(Originally posted on the Solar Tribune)
For the first century or so of the utility industry’s life, things were slow to change and the status quo helped to prop up the prosperity of the business. Each home would have a single utility option available to them in a regulated market, and the relationship between utility and customer was basic: the utility deliveries power and fixes the occasional outage, while the customer pays their bill once per month. In recent decades, though, policy and regulations have been pushing back that perhaps the status quo model of the energy market is not the most efficient on the basis of costs to the customer, growth of new technology, and the implementation of climate-focused signals. As such, certain policies targeting these long-standing energy markets have taken center stage.

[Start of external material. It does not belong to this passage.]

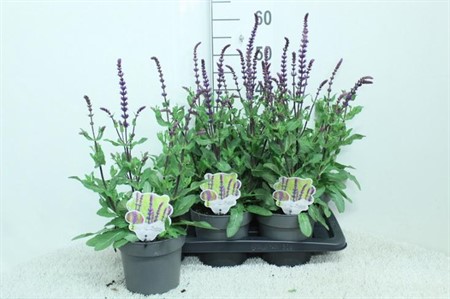 Salvia nemorosa Caradonna Ø17 H=55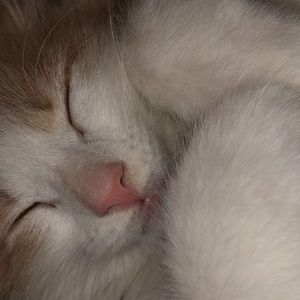 Meet your Posher, Emma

Examples of some of these adjustments to energy markets that are in various stages of implementation already include the following:
What is it: Net metering, often a lightning rod for debate in the energy communities, is defined as a billing arrangement that compensates on-site producers of energy (such as customers with rooftop solar systems) for any excess generation that they do not use and instead export to the utility grid, though the level and format of the compensation vary by location.
Is it enacted anywhere: According to the National Conference of State Legislatures, at least 17 states have authorized the use of net metering.
Dr. Stephan Singer, Senior Advisor Global Energy Policies at Climate Action Network International:
“There is no one size fits all solution. Approaches to policy and financing need to be tailor made depending on the regional, national, and local situation. And approaches need to be reliable and predictable for investors for planning security and a supportive infrastructure such as with net metering, storage and preferred grid access for renewables – may that be the individual houseowner that puts solar on his roof or the utility scale investment by larger corporates.”